To stream or not to stream

November 21, 2017

It’s easier to live stream than ever before and will only get easier, as evidenced by more and more churches streaming their services. To quote my friend and legendary songwriter/producer Greg Nelson, “Not everything that can be done, should be done.”

So, if the question is no longer, “Can we?” maybe church leaders need to ask an even bigger question, “Should we?” Maybe a few questions can help.

Question 1 – Why do we want to stream our services?

Any wise church leader knows to ask this question first. No matter how little energy anything requires, everything you do requires resources. So, if the answer to this question sounds fishy to you like “Because everyone else is streaming,” consider passing on this opportunity and invest elsewhere.

But, if the answer syncs up with the mission of your church, read on.

Question 2 – Do we have the right equipment and people to do this well?

As easy as it might be to stream in some way, you could actually do more harm if you don’t do this well. This expression of your church in cyberspace might well be the only impression some people will see – of you and more importantly, of the Gospel. Don’t forget, there is one thing that is actually worse than not streaming at all – and that is doing a poor job streaming your services.

Mixing sound for any kind of broadcast is complicated (a topic for a future blog). If you don’t have the resources or the expertise to properly address the visual and audio capabilities of your set up, consider not streaming until you do.

Churches actually hurt their reach into the community if they stream something that doesn’t adequately represent the church or the Savior. Anything from a poorly mixed audio feed during the music and preaching to inadequate lighting and staging can do more harm than good.

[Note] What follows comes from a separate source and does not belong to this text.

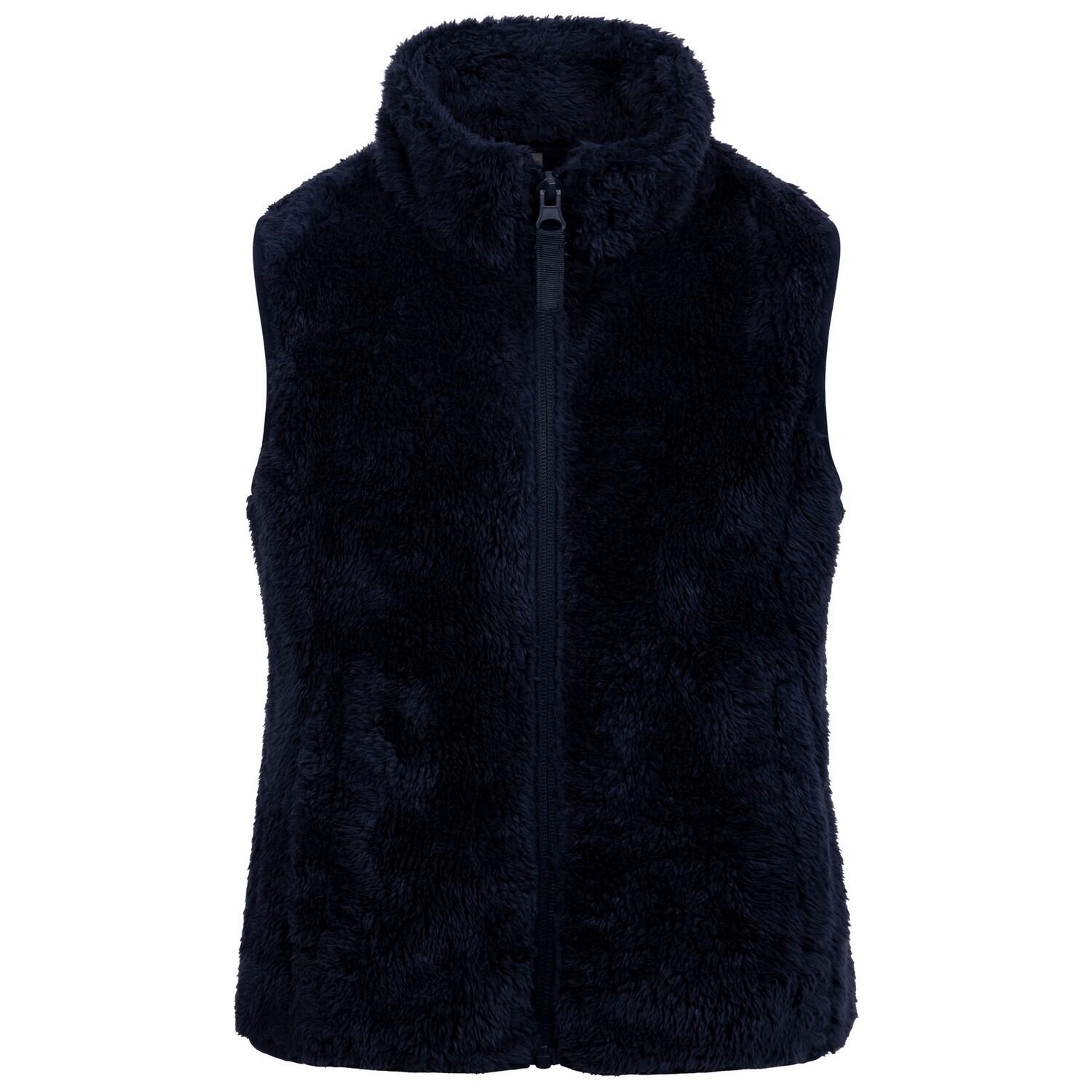 TRESPASS Gilet Bambini Trespass Porru Blu Navy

I see a lot of streamed services. Some of them from great churches are painful to watch because they are so poorly done. Investigate and invest to do this well before jumping in. Train your team handling the technical details just as much as you would to equip your teachers to handle a small group class.

Question 3 – Do we have the appropriate licenses to stream our music and other content?

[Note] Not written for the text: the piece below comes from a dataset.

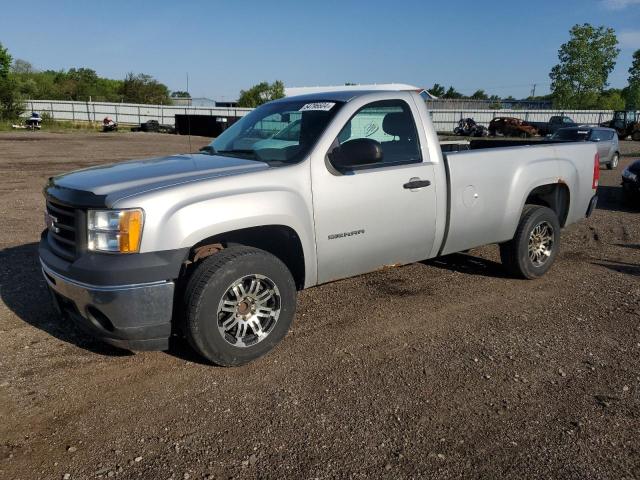 Auction sale of the 2010 Gmc Sierra C1500, vin: 1GTPCTEXXAZ173003, lot number: 54796604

This is easier than it’s ever been and there are multiple options to do this well. If your church already has a CCLI license, you can start right there by investigating how to add a streaming license from CCLI.


If you are already streaming, do a self-critique of your services and make sure what you are putting on the web adequately represents your ministry and our Savior. If it isn’t, consider pushing the pause button until you can improve or stream only the sermon content (something that is much easier to do well). Then, invest in an adequate audio broadcast set-up (in addition to your live sound mix) designed for music broadcast. If you are only taking a single feed from your soundboard for your broadcast, I can tell you with confidence, you have problems with your mix in your music.

Streaming can be a great extension of the ministry of your church. If this is something you feel God leading you to do, spend the extra time and resources to do it well for the glory of the God and for the furtherance of the Gospel!